The relationships between meteorological factors and the activity of influenza virus in the population are nonlinear and always lasting well beyond the exposure period. The weekly influenza activity, which was presented by weekly confirmed influenza cases every ten thousand outpatient visits, was modeled using a quasi-Poisson regression model combined with a distributed lag non-linear models (DLNM). The DLNM proposed by Gasparrini DLNMis a flexible model that estimated the nonlinearity and distributed lag effects of exposure-response relationships simultaneously 8.
In this study, we used DLNMs to explore the potential exposure-lag-response associations between multiple meteorological factors and influenza activity. We used the variance inflation factor (VIF) to assess the co-linearity. A VIF greater than 5 indicates multicollinearity 9. The results showed that the VIFs of the mean temperature and atmospheric pressure are 8.39 and 5.70, which suggested that the two variables should not be included in the model simultaneously.

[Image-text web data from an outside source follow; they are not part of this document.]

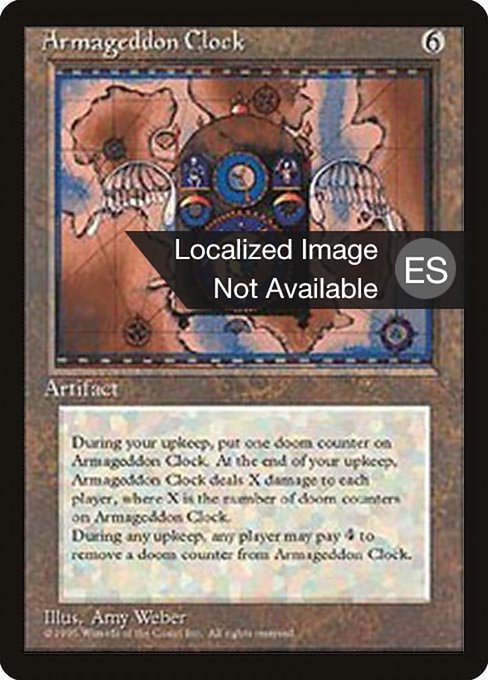 Armageddon Clock 295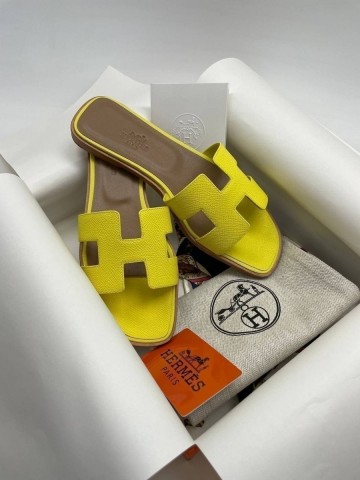 Hermes Oran sandal шлепанцы
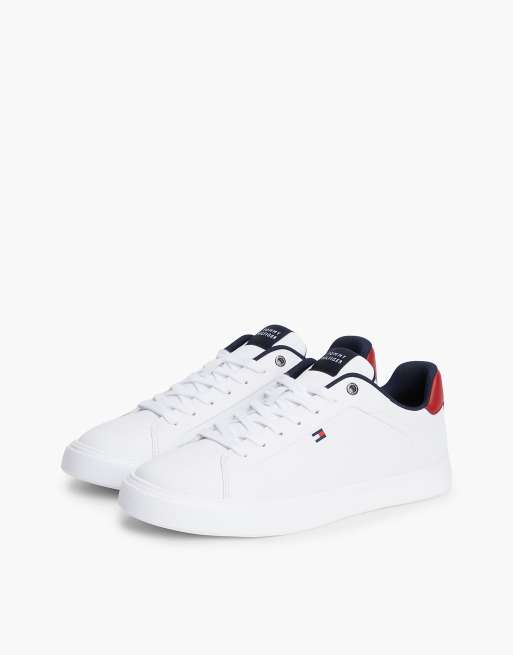 Tommy Hilfiger sneakers légères en cuir rwb, 2 de 7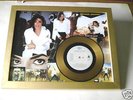 MICHAEL JACKSON.FRAMED GOLD DISC*BLACK OR WHITE*G8 XMAS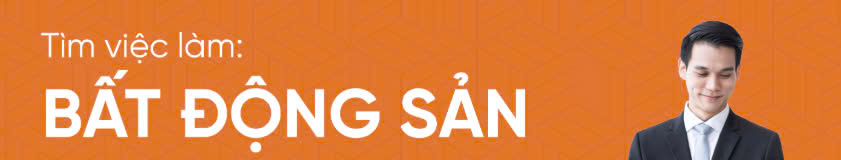 Tìm việc làm bất động sản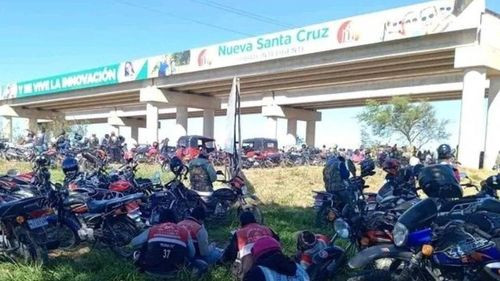 Se registran altercados en el Concejo y mototaxistas instalan un segundo punto de bloqueo en la G-77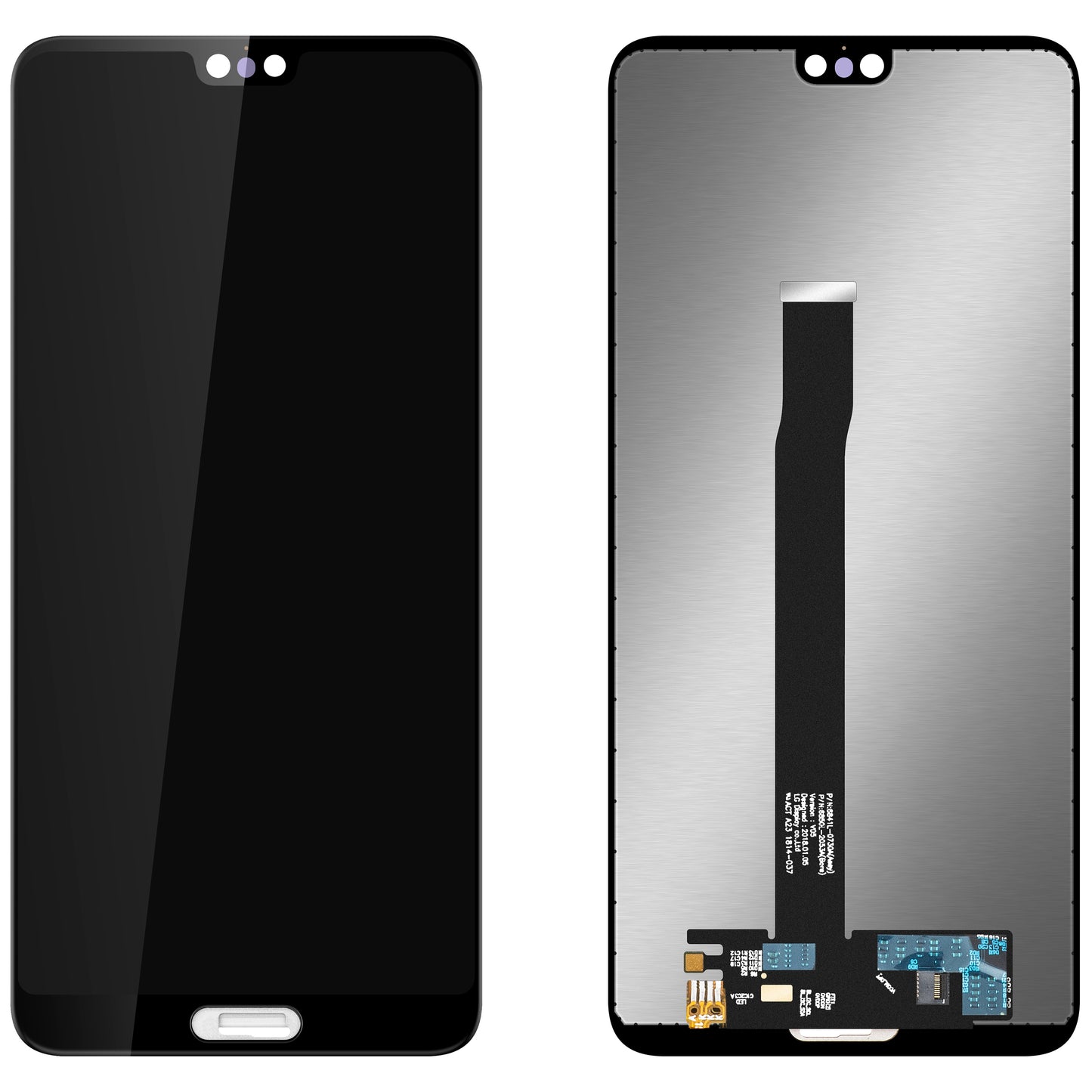 Display con Touchscreen MP compatibile con Huawei P20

A Poisson regression with a quasi-Poisson function was established to test the over-dispersion in influenza activity, which was presented by weekly confirmed influenza cases every ten thousand outpatient visits. All models were adjusted with other explanatory variables of meteorological factors, seasonality and long-term trend, and school holiday etc. The model structure is stated as following:
log[E(Yt)] = α + cb(climate variables, lag, df) +∑ns(Xj, df) + ns(time, df*8) + factor (holiday)

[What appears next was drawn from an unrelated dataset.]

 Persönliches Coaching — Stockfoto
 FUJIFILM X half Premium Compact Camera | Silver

Where E(Yt) is the expected weekly confirmed influenza cases every ten thousand outpatient visits on week t; α is the intercept; cb( ) represents the cross-basis matrix of climate factors, including mean temperature, relative humidity, aggregate rainfall, wind speed and sunshine; df is the degree of freedom; Xj is the other explanatory variables of meteorological factors; time refers to duration of seasonality and long-term trend; holiday is an indicator variable which equals to 1 if week t is in school holidays and 0 otherwise. We used Akaike Information criterion (AIC) to choose the df, which was supported by other references 10-13. The weeks of lag structure in the models were determined by incubation period and infectious period of influenza virus 14, the Akaike Information criteria and other references 10, 11. We provided all AICs in the appendix (Supplementary Tab. S1).

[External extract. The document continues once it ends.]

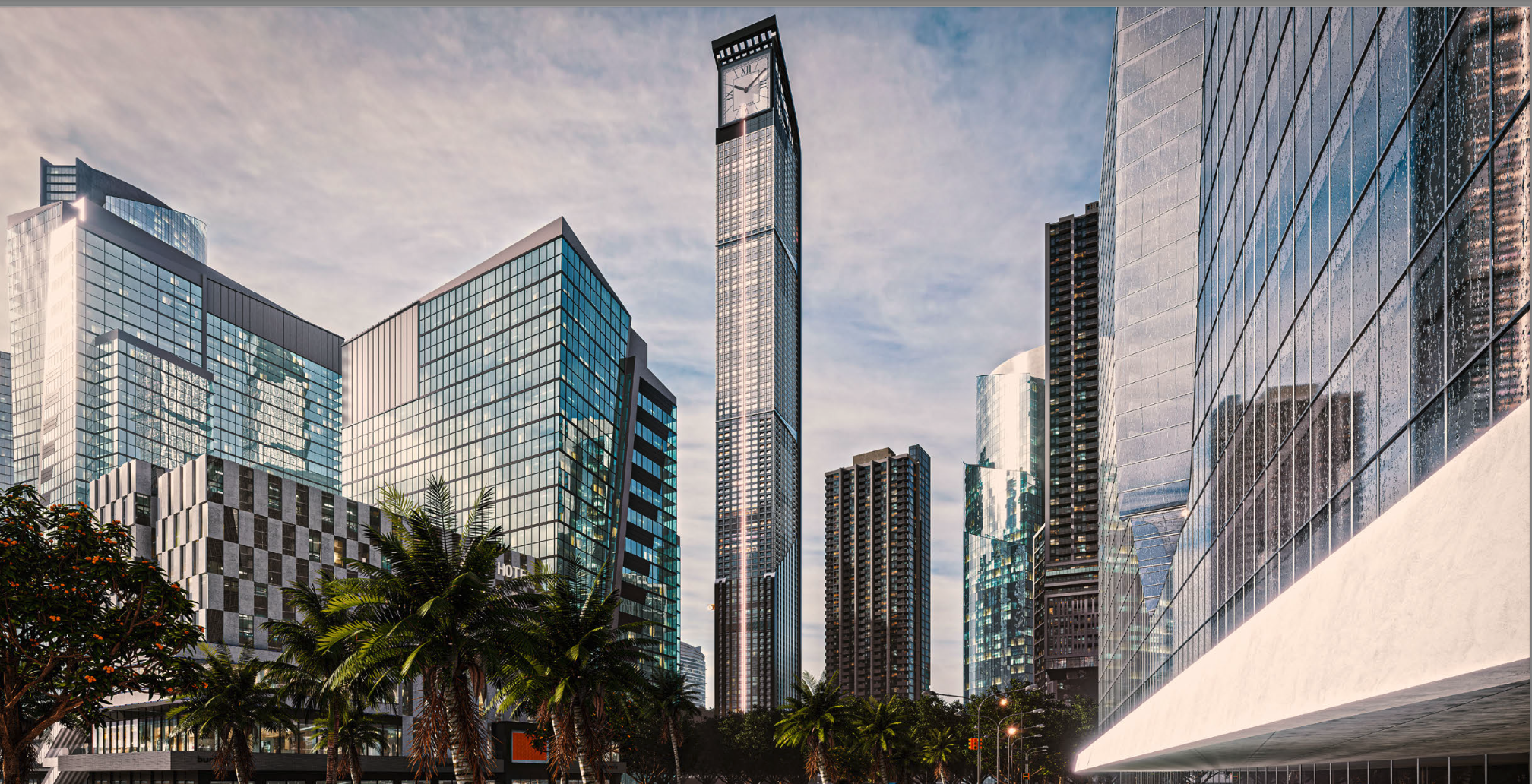 Landmark Real Estate Project in Dubai Marina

We calculated the relative risk (RR) with corresponding 95% confidence interval (CI), relative to the reference levels. The reference levels were defined as the median values of mean temperature, relative humidity, wind speed, sunshine and aggregate rainfall. Moreover, we estimated the extreme effects by comparing the 97.5th percentiles and 2.5th percentiles to the median values. The RRs brought by high temperature (hot effect), high relative humidity (wet effect), high aggregate rainfall (rainy effect), high wind speed (windy effect), long sunshine (long-sunshine effect) were calculated by comparing the 97.5th percentiles to the median values. The RRs brought by low temperature (cold effect), low relative humidity (dry effect), low aggregate rainfall (rainless effect), low wind speed (windless effect), short sunshine (short-sunshine effect) were calculated comparing by the 2.5th percentiles to the median values.
To test the robustness of our results, sensitivity analyses were performed by changing (2-5) for climate variables and maximum lag weeks (2-4 weeks) in the model.
All statistical tests were two-sided, the p-value ＜ 0.05 was considered statistically significant. We performed all data analyses using R software version 3.4.2and used the “dlnm” package for the DLNMs.